The melt which seeped through the peridotite and from which high-Ti and high-Mg hornblende and phlogopite crystallized in the spinel harzburgite of dredge sample 68 was enriched in HREE (YbN = 140), which suggests the high degree of its differentiation. The intensive fractional crystallization is emphasized also by the negative Sr and Ti anomalies, indicative of plagioclase and rutile crystallization.

The melt that was injected into the peridotite of dredge sample 68, from which the minerals of the diorite veinlets, including hornblende and biotite, crystallized, was even more enriched in medium and heavy REE (YbN = 480) and showed, in addition to negative Ti and Sr anomalies (apparently caused by ilmenite and plagioclase crystallization), a negative Zr anomaly proving zircon crystallization. Therefore the absence of a negative Zr anomaly in the injected melt suggests that the high-Ti and high-Mg amphibole and phlogopite crystallized in the peridotite prior to the diorite magma intrusion into it.

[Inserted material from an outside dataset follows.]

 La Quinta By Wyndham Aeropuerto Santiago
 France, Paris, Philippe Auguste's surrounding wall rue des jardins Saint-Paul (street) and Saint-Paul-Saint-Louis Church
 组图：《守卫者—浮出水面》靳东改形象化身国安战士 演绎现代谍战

Although the calculated modes of minerals during their fractional crystallization are semi-quantitative values, the negative value of the mode for clinopyroxene suggests that the crystallization of olivine, orthopyroxene, plagioclase, hornblende, biotite, and ilmenite from the melt was accompanied by the dissolution of clinopyroxene, more active than its crystallization imprinted in the gabbro veinlets. The extremely high value of a mode for the dissolved clinopyroxene seems to have been caused by the assumption of a chemical equilibrium between clinopyroxene and magma (meaning the dissolution of accumulative clinopyroxene from the gabbro veinlets). The more probable mechanism, however, seems to be the dissolution of the dispersed clinopyroxene from the peridotite during the early phases of magma fractionation (or of the subsolidus clinopyroxene, derived from orthopyroxene, which is highly enriched in LREE). In this case the dissolving clinopyroxene might have been in disequilibrium with the magma, and its quantity might have been significantly lower than that which follows from the assumption of its equilibrium.

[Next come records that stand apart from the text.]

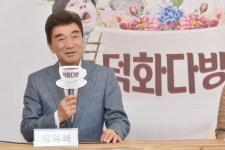 [현장 종합] 아내 생각에 눈물 글썽…덕화TV2 이덕화가 그릴 카페 창업 로맨스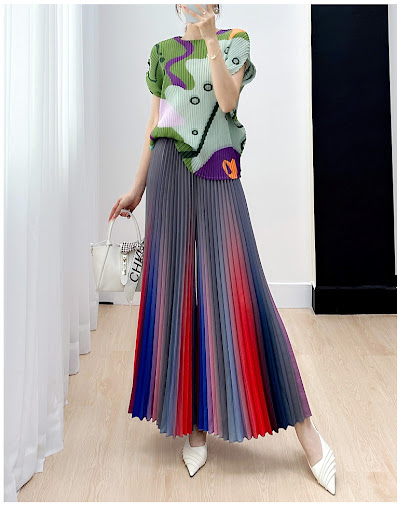 Title 17, Gradient Pleated Wide Leg Pants Skirt. Slimming...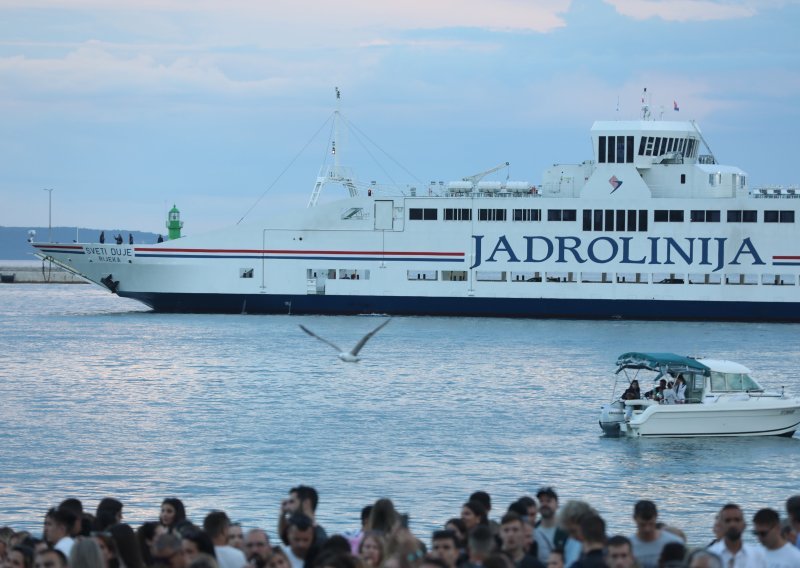 Jadrolinija najavljuje pilot-projekt: Otočani će imati pravo prvenstvo ukrcaja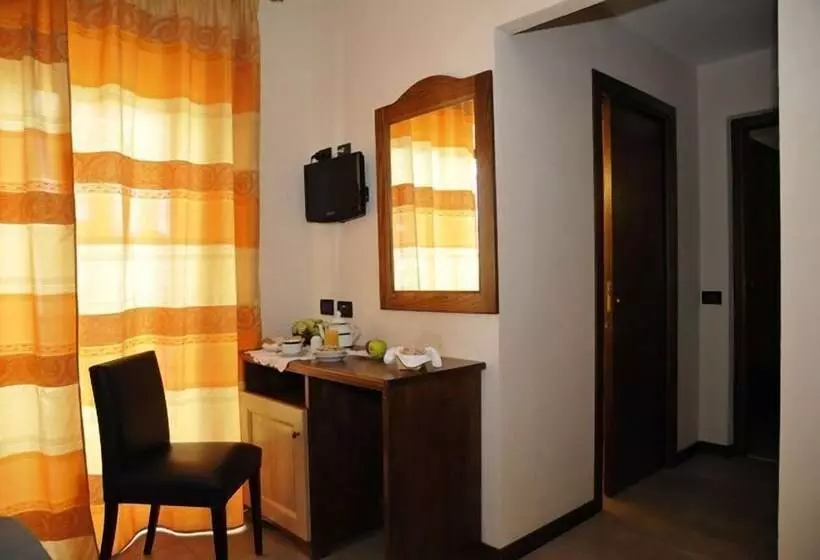 Fotos del hotel Fly:  12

In any case, in the long run, the crystallization of mica and amphibole in the peridotite seems to have been associated with the saturation of the residual melts with water, K, and Na because of the high degree of their fractional crystallization, that is, with the mechanism proposed earlier by [Arai and Matsukage, 1996; Arai et al., 1997].

The source of water and incoherent elements.

It is important that magmatic mica was introduced into the mineral association during the late phase of the magma fractional crystallization, by the time when the peridotite had cooled off to a temperature below the solidus one. For instance, in Sample 68-37 biotite is absent from the gabbro-norite association of the veinlet middle (Cpx-Opx-Pl), but appears in the more differentiated diorite veinlets (in this and other samples), where clinopyroxene is no longer present (Opx-Pl-Hbl-Bi).

Therefore the mica and hornblende of the investigated spinel harzburgite cannot be regarded as the potential sources of water and incoherent elements, their crystallization marking the end of the magmatic process.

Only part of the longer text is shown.